What the exercise asks: Copy the records below exactly, from the line containing "MITTAN / 大麻プルオーバー 高密度 胡桃 SH-134C / unisex" through the last line, and leave out every picture.

=== Data excerpts ===

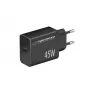 Esperanza EZC108K napájací adaptér 45W čierny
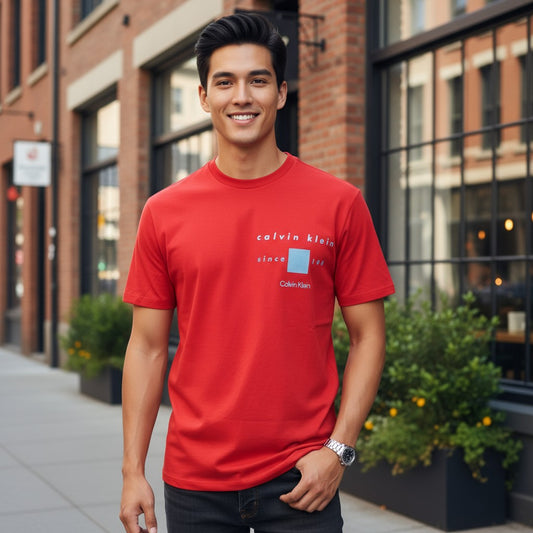 T-SHIRT CALVIN KLEIN
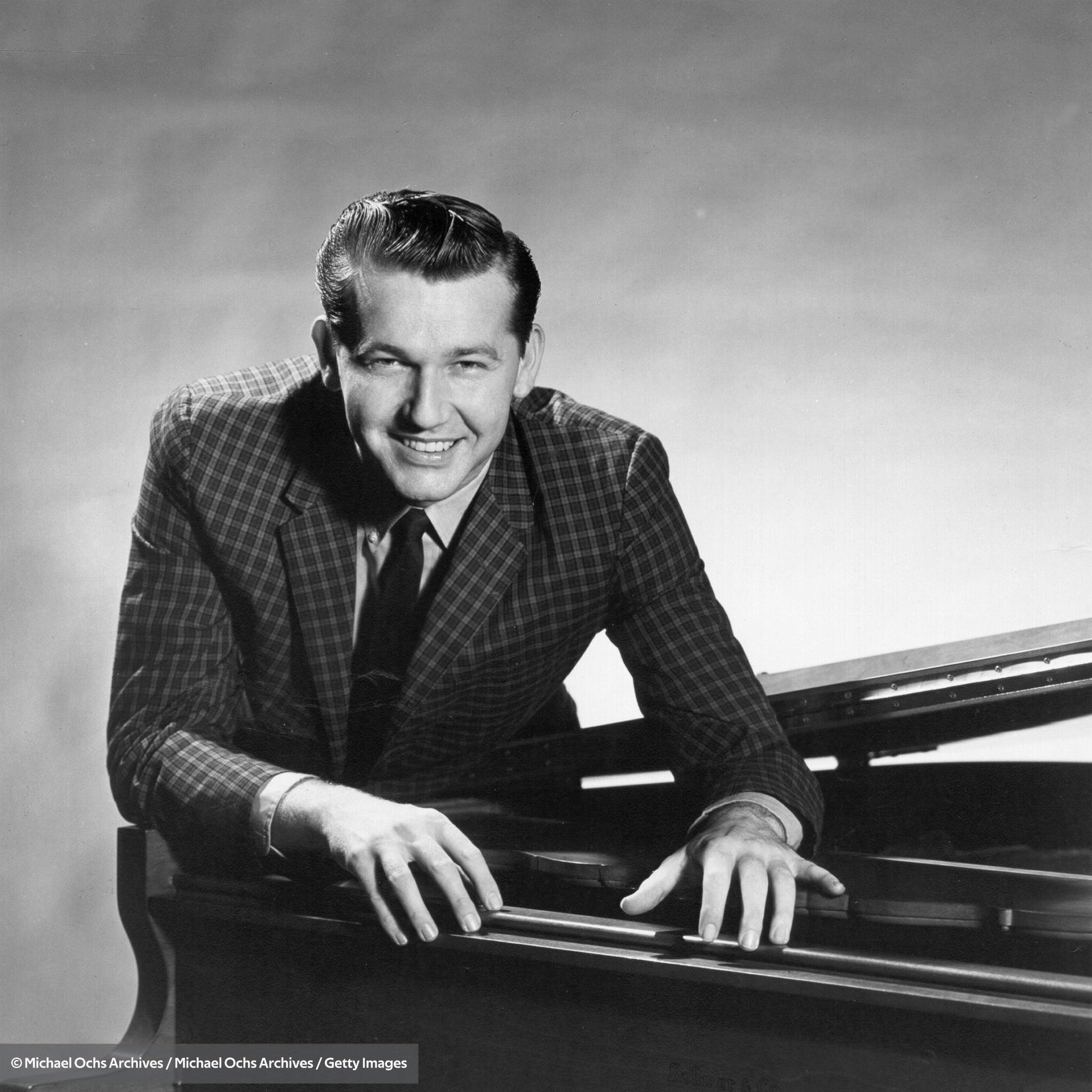 Happy Birthday  Floyd Cramer 
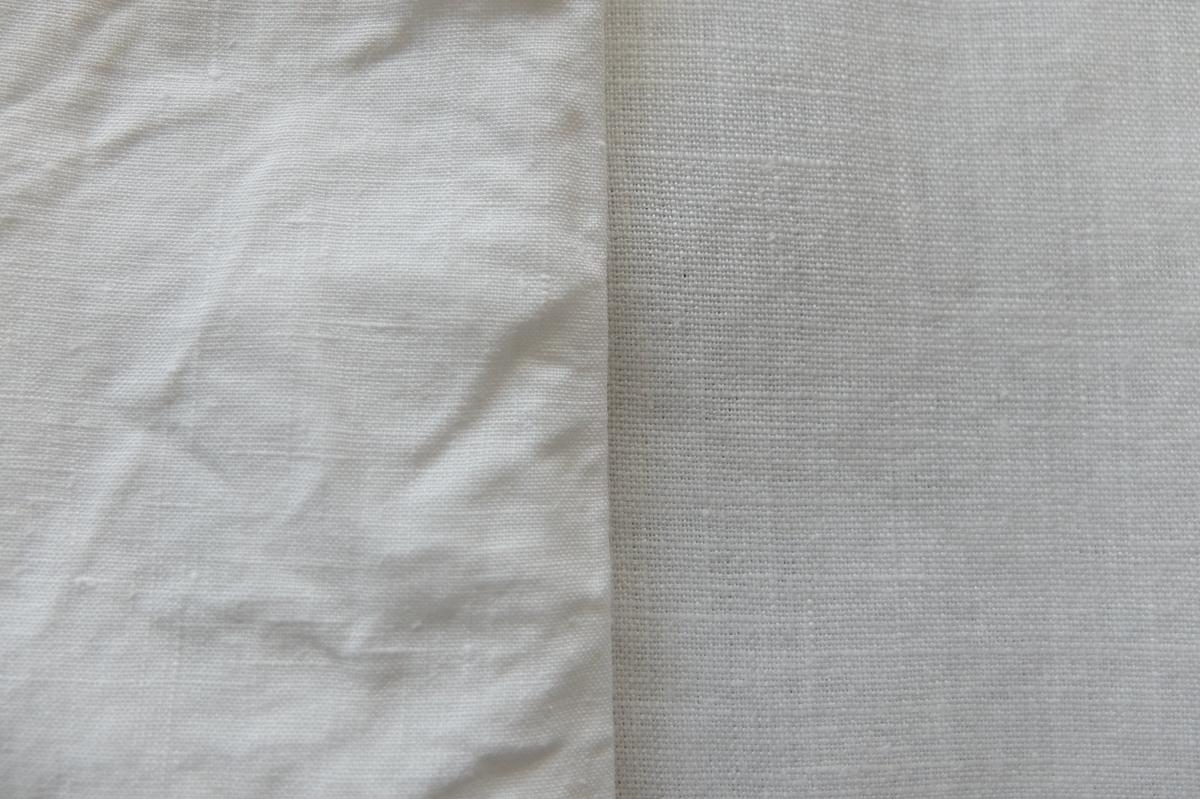 MITTAN / 大麻プルオーバー 高密度 胡桃 SH-134C / unisex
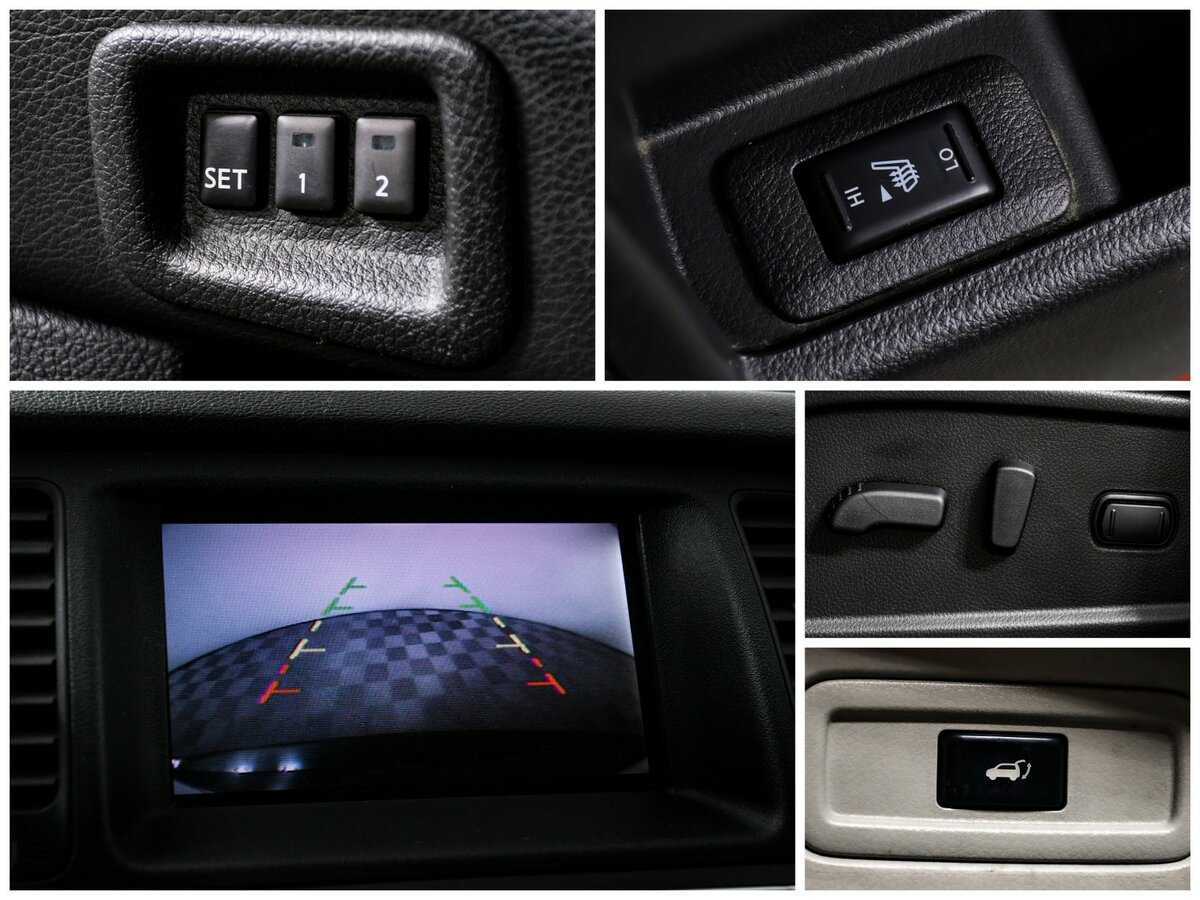 Продажа Б/У Ниссан Мурано. Фото: #11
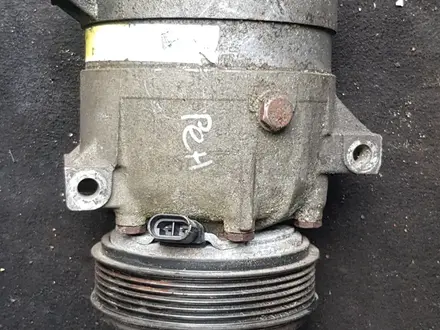 Компрессор кондиционера Радиатор Дифузор Вентилятор Моторчик печки дворника за 15 000 тг. в Алматы – фото 54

===

Problem solution:
 MITTAN / 大麻プルオーバー 高密度 胡桃 SH-134C / unisex
 Продажа Б/У Ниссан Мурано. Фото: #11
 Компрессор кондиционера Радиатор Дифузор Вентилятор Моторчик печки дворника за 15 000 тг. в Алматы – фото 54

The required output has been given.